╭─ TASK DATA
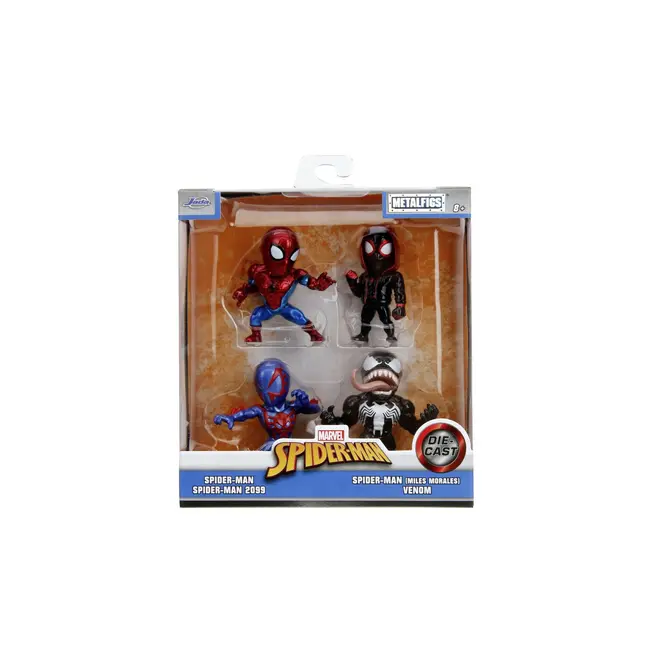 JADA MARVEL SPIDER MAN SET 4 FIGURINE METALICE 6.5CM VIV253222015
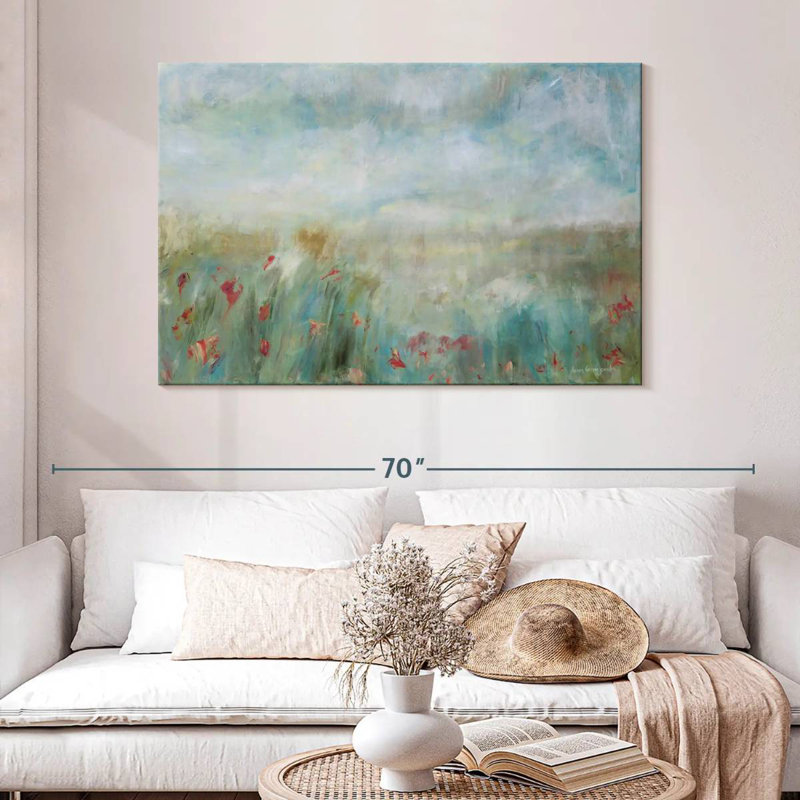 Abstrait de jardin sauvage Avery, H 32 po x l 48 po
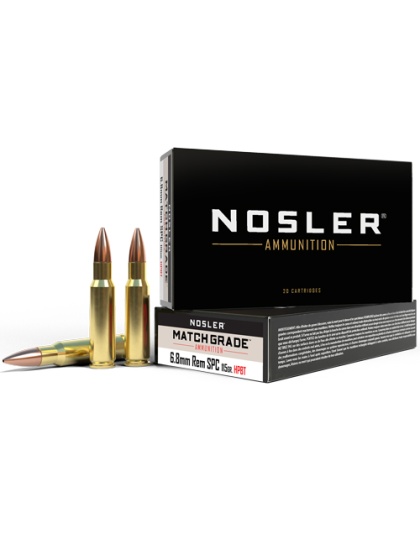 NOSLER MATCH GRADE 6.8 SPC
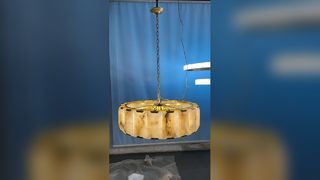 مصابيح السقاليولا الحديدية الراقية مع مظلة الرخام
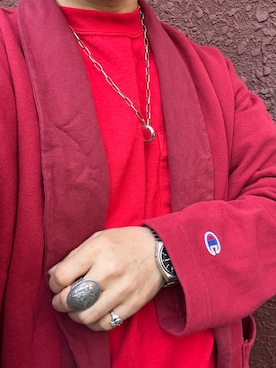 「CAMBER（キャンバー）のアイテム」を使った、Koji Shoさん（メンズ・164cm）の春コーディネート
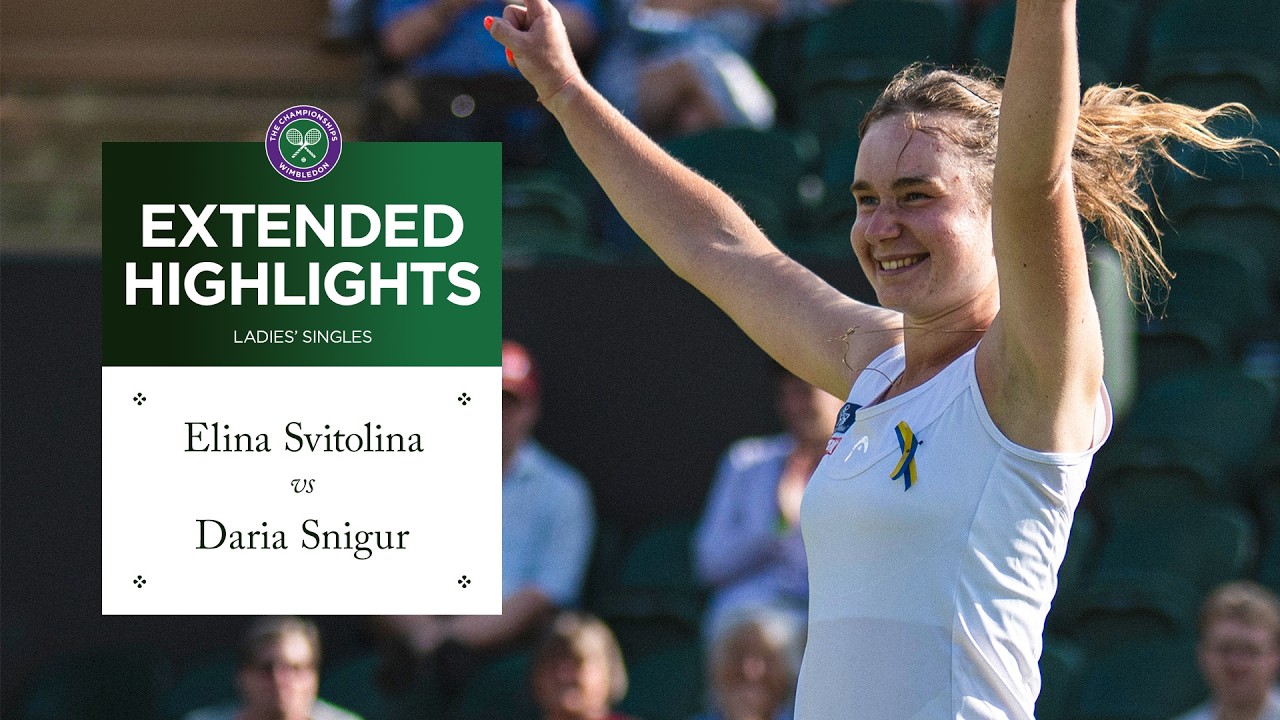Snigur stuns Svitolina! | Elina Svitolina vs Daria Snigur | Extended Highlights | Wimbledon 2026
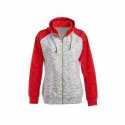 J America JA8679 Ladies Melange Fleece Two-Tone Full-Zip Hooded Sweatshirt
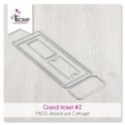 Cutting die Scrapbooking Card Making shape - dotted triangles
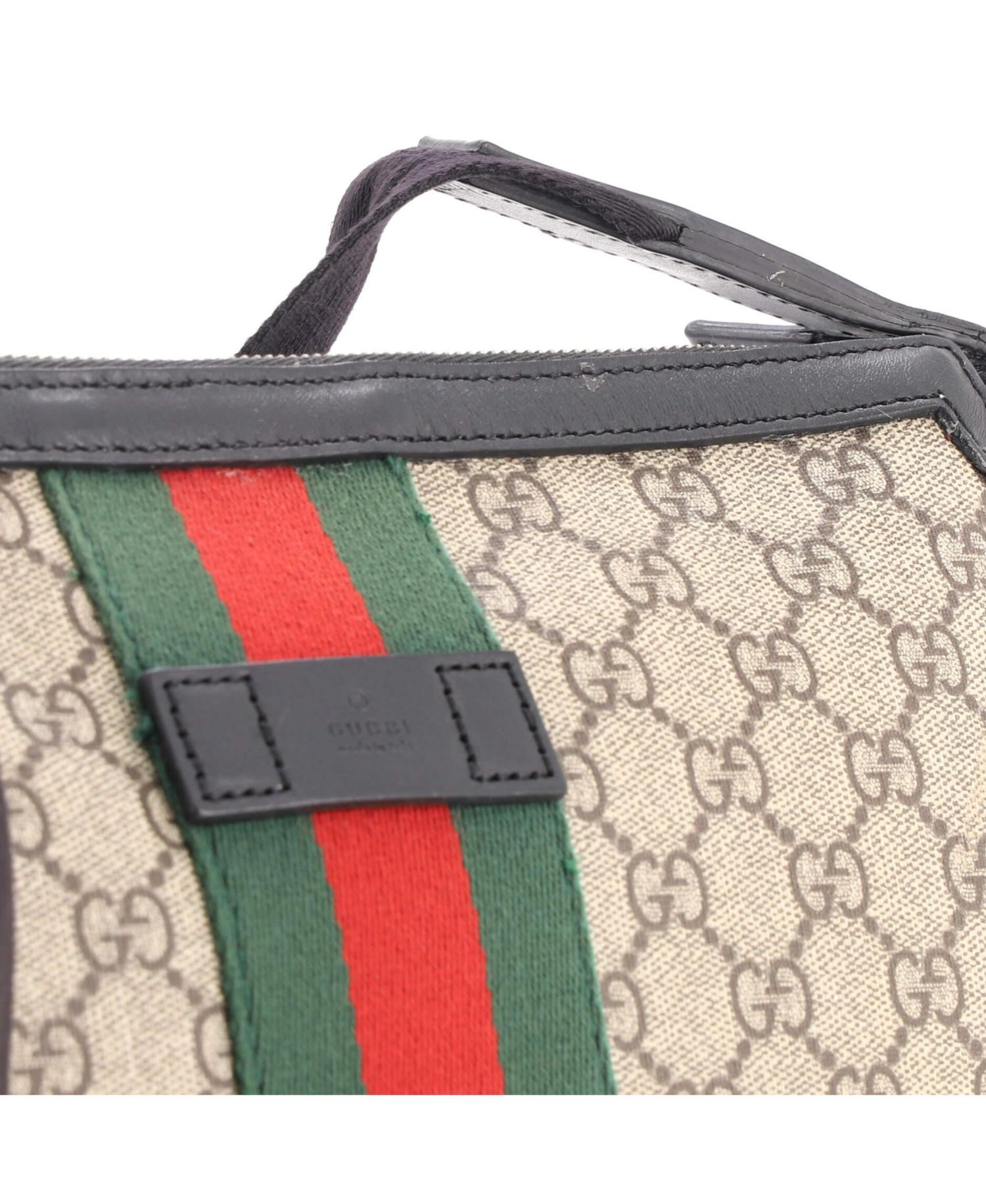 Medium Web Messenger Bag GG Coated Canvas
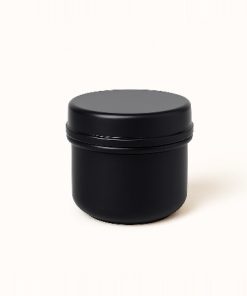 POTE SIMPLE NEGROS POLIPROPILENO X 15 CC C/TAPA ROSCA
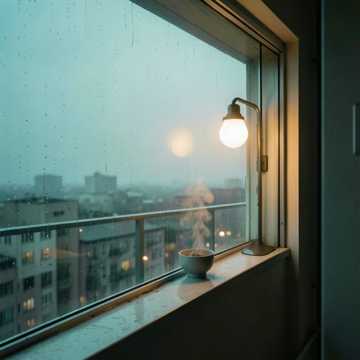 听雨敲窗的出租屋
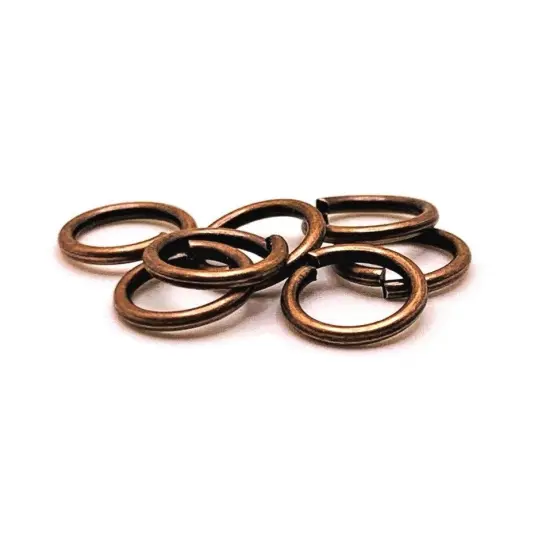 100, 500 or 1,000 Pieces: 8 mm Antique Copper Open Jump Rings, 18g {1}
╰─
[WHAT TO WORK ON]
With the pictures dropped, write out all of the entries word for word.

[EXERCISE SOLUTION]
 JADA MARVEL SPIDER MAN SET 4 FIGURINE METALICE 6.5CM VIV253222015
 Abstrait de jardin sauvage Avery, H 32 po x l 48 po
 NOSLER MATCH GRADE 6.8 SPC
 مصابيح السقاليولا الحديدية الراقية مع مظلة الرخام
 「CAMBER（キャンバー）のアイテム」を使った、Koji Shoさん（メンズ・164cm）の春コーディネート
Snigur stuns Svitolina! | Elina Svitolina vs Daria Snigur | Extended Highlights | Wimbledon 2026
 J America JA8679 Ladies Melange Fleece Two-Tone Full-Zip Hooded Sweatshirt
 Cutting die Scrapbooking Card Making shape - dotted triangles
 Medium Web Messenger Bag GG Coated Canvas
 POTE SIMPLE NEGROS POLIPROPILENO X 15 CC C/TAPA ROSCA
 听雨敲窗的出租屋
 100, 500 or 1,000 Pieces: 8 mm Antique Copper Open Jump Rings, 18g {1}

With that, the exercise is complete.